**YOUR GOAL:** Nothing but the lines from the one with "Diamond Black Crystal" down to the one with "Jasaraharja Putera Buka" should be returned, exactly and with both ends included, from the material below.

**INPUT MATERIAL:**

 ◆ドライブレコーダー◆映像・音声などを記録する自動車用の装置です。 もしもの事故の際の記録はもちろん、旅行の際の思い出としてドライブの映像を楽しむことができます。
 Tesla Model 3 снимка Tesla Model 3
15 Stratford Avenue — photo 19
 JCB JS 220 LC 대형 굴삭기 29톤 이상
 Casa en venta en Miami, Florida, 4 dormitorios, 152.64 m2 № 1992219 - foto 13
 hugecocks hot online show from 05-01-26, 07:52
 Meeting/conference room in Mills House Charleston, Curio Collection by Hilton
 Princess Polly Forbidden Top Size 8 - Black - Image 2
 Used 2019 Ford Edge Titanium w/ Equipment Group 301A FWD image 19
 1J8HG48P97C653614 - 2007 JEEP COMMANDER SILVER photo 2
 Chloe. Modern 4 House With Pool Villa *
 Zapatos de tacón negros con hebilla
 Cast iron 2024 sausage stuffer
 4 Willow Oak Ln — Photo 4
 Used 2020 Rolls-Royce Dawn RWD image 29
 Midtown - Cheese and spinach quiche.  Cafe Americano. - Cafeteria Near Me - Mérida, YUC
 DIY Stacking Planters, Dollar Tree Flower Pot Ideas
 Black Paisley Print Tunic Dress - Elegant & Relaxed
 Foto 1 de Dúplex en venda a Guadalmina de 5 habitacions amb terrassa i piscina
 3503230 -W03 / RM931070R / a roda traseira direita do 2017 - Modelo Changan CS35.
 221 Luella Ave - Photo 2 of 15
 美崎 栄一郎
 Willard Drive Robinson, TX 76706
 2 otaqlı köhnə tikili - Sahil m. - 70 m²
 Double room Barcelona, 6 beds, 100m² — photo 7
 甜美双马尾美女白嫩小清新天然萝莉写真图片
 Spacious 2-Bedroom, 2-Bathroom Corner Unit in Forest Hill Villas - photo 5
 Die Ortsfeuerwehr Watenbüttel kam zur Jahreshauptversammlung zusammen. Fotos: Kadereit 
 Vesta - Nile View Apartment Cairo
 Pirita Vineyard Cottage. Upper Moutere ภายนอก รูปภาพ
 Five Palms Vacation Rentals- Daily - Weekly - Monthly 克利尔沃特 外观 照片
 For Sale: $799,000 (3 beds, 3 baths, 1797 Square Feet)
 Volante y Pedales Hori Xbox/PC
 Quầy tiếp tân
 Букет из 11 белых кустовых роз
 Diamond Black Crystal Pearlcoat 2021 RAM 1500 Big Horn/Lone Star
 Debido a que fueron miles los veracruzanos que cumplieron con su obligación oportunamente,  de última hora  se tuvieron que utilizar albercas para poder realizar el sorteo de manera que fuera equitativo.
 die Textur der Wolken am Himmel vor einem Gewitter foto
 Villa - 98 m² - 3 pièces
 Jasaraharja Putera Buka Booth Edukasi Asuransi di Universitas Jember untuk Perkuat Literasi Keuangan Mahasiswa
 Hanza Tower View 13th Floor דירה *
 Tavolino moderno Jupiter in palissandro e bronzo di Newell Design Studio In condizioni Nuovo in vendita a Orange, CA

**RESULT FOR THIS TASK:**
 Diamond Black Crystal Pearlcoat 2021 RAM 1500 Big Horn/Lone Star
 Debido a que fueron miles los veracruzanos que cumplieron con su obligación oportunamente,  de última hora  se tuvieron que utilizar albercas para poder realizar el sorteo de manera que fuera equitativo.
 die Textur der Wolken am Himmel vor einem Gewitter foto
 Villa - 98 m² - 3 pièces
 Jasaraharja Putera Buka Booth Edukasi Asuransi di Universitas Jember untuk Perkuat Literasi Keuangan Mahasiswa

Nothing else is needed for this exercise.